Oh, huge ones. One of the biggest is the merger rate—how many mergers happen per year. The uncertainty can be as large as the value itself.

Let me bring up one of my favorite ones. It’s very entertaining to me

( types on laptop for a moment, then starts laughing.)

Here we go: neutron star mergers [page 26]. The estimated rate is 920 per gigaparsec cubed per year, with a +2,220 / –790 margin!

Hands down, that’s my favourite. I roll around in my non-existent grave to this shit. It’s a couple of years old, so newer estimates are probably tighter now. This is for the first two observations of LIGO with the neutron star detection for the collision rate.

Yeah, I have a lot of confidence in all of the different things I generate using those kinds of things…

Anything else you want to say?

I really like the kind of work I do. I’ve been lucky to move between institutions and completely change up what I’m working on each time.

After my year at Flatiron I felt cocky about starting my PhD, “I run this bitch,” but when I got to King’s it was like starting from scratch again due to the alternative perspectives on the topic.

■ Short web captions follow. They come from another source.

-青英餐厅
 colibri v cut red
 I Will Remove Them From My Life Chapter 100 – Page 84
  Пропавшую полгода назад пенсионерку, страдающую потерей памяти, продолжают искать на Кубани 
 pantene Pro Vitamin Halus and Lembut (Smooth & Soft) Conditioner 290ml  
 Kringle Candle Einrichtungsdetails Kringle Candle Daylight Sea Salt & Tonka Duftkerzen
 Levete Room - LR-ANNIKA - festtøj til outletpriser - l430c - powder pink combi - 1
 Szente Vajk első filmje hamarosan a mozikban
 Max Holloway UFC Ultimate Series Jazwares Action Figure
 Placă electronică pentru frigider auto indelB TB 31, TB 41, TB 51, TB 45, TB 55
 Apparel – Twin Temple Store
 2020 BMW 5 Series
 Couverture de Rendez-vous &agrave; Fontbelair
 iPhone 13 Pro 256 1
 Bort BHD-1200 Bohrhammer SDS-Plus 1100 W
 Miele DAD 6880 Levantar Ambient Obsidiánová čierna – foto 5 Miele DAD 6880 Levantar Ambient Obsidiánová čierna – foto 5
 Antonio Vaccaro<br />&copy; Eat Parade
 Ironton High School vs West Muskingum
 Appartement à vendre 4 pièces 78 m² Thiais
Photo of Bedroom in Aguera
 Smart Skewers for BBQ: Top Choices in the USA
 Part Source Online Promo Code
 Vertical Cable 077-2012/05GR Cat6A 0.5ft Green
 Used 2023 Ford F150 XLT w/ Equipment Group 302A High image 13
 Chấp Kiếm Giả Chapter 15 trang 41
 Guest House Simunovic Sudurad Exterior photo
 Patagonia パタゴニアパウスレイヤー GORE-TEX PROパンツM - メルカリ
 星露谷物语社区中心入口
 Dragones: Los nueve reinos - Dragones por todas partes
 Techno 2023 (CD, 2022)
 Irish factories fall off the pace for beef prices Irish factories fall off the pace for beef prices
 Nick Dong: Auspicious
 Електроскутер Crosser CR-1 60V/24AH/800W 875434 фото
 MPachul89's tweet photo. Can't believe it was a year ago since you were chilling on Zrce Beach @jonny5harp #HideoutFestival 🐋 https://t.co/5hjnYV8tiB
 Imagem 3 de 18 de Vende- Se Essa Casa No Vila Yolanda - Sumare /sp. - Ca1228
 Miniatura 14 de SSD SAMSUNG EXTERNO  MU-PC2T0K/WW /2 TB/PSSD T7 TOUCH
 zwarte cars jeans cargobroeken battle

It’s cool seeing how much undergrad material—stuff I once thought was useless—actually shows up all the time.

In undergrad, you’re rushing to master something in 13 weeks, then it leaks out of your head. Doing a PhD gives you the time to actually learn it properly. None of my physics education was a waste. Even the quantum mechanics I thought I’d never need has ended up being useful.

It gives you time to learn the thing properly, as opposed to learn the thing in order to pass the test. Yeah, so like if you didn’t do everything perfectly in your undergrad, it’s fine. I think it’s just that doing a PhD gives you more appreciation of it.

Thank you Melize.

Thank you Dr Gibson, I’ll see you on GitHub 🙂‍↕️.

Conclusions

When I talk to specialists in other fields who are articulate and passionate about their work, I find it infectious. I usually come away with the feeling of “ah, so it isn’t magic, but it is hard”. I haven’t eaten my intellectual vegetables by working through general-relativity textbook exercises. However, by inhabiting Melize’s code for a while, and picking brain, I feel like I’ve gained a little more appreciation of the field, and the cool people that work in it.